Siendo sus motivos, según los distintos casos, sociales, políticos o económicos, es, lógicamente, en tales ámbitos donde se ha de buscar la solución de los respectivos problemas y ponerla en ejecución. Y, de no ser la solución factible o sencilla, los mitigarán, sin duda, una solicitud decidida y cálida, un ahínco sincero y una explicación clara. De esta suerte, y no de otro modo, se irá apagando y se extinguirá por sí sola, falta de razón de ser, la violencia desenfrenada, el Derecho volverá por sus fueros y no permanecerá más que la violencia embridada por él para su servicio, es decir, para mantener su imperio, conteniendo y sancio­nando los desmanes violentos de individuos aislados, por frecuentes que sean, y haciendo posible así la vida de cada uno como ser libre y en concurrencia con la de todos.

Claro es que siempre habrá doctrinas que hagan de la fuerza su razón y que busquen imponerse en vez de persuadir, y mentalidades fanáticas, incapaces de ver en el diferente un hombre ni de valorar por sí mismo al ser humano, pero en un régimen de libertad, participación y solidaridad, garantizado por el Derecho, apenas encontrarán apoyo, re­sonancia y simpatía.

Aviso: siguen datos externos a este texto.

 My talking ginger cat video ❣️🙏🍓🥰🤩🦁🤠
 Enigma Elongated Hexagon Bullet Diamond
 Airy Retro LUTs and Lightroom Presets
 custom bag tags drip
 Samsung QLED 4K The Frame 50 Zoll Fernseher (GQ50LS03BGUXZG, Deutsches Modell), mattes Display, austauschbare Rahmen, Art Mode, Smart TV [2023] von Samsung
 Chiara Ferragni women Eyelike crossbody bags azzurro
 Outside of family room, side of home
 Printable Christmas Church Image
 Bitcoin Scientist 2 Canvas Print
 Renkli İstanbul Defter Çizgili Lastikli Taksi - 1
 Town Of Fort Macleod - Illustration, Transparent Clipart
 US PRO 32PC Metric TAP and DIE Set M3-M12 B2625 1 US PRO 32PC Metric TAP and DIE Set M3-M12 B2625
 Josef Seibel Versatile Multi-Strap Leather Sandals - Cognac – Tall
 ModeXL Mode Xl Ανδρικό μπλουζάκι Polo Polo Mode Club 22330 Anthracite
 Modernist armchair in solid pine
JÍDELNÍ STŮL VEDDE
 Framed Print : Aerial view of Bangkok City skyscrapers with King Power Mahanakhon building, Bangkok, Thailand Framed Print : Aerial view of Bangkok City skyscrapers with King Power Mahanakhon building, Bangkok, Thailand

Mientras tanto, tiene un valor inmenso para conseguirlo la con­ducta de los jueces, y la de quienes coadyuvan con ellos, que en las épo­cas de violencia desatada, en las que se hace del Derecho una irrisión y cualquier miedo está fundado, no escatiman sacrificios para mantener como razón de su ministerio y de su vida, y en algunas ocasiones tam­bién de su muerte, la lealtad a la justicia, y, sin dejar de guardar las formas, atienden sobre todo a la substancia de lo jurídico, se atienen a sus principios, procuran sus fines y realizan sus valores. Doquiera se hallen, merecen bien de su patria, de cuantos cultivamos el Derecho, de todos los espíritus libres y de la humanidad.



III

Al cabo de estas ya largas y no sé si enfadosas reflexiones, que mucho me complacería someter al contraste de vuestro pensamiento y de vuestro juicio, dos conclusiones se desprenden, en mi criterio, inconcusas; am­bas, de la máxima significación e importancia, bien sabidas de los doctos maestros que me rodean y que para quienes pisan por primera vez una Facultad de Jurisprudencia o cursan en ella pueden constituir una lec­ción al mismo tiempo elemental y decisiva.

Una es que el Derecho no puede consistir jamás en un huero conjunto de coerciones al servicio de quien haya sido elevado al poder o acaso sólo lo detente, porque se destituye de toda dignidad, y se rebaja al nivel ínfimo de la parodia o al delictuoso de la complicidad o el encubri­miento, cuando se hace instrumento de tortura o de opresión, y ascien­de, en cambio, hasta su plenitud ideal, cuando garantiza sin excepciones a los hombres la libertad y es medio cierto de la convivencia humana.

La otra consiste en distinguir, entre cuantos se ocupan del Derecho, aquellos que llevan unas bisagras donde los hombres tienen sus riñones y están prestos a doblarse y a servir con sus conocimientos o con sus simples habilidades a cualquiera que les mande o que les pague, y los que lo estudian, lo enseñan, lo invocan o lo aplican con integridad de criterio y respeto a su genuina entidad. Sólo estos últimos, modestos o renombrados, son auténticos juristas. Que nunca se pueda decir de nin­guno de nosotros la crítica que formuló von Kirchmann en su célebre conferencia berlinesa de 1847 a los juristas romanos que con la misma tranquilidad e idéntico espíritu concienzudo comentaban la constitución despótica del Imperio que la ley de la República empapada en la doctrina de la libertad.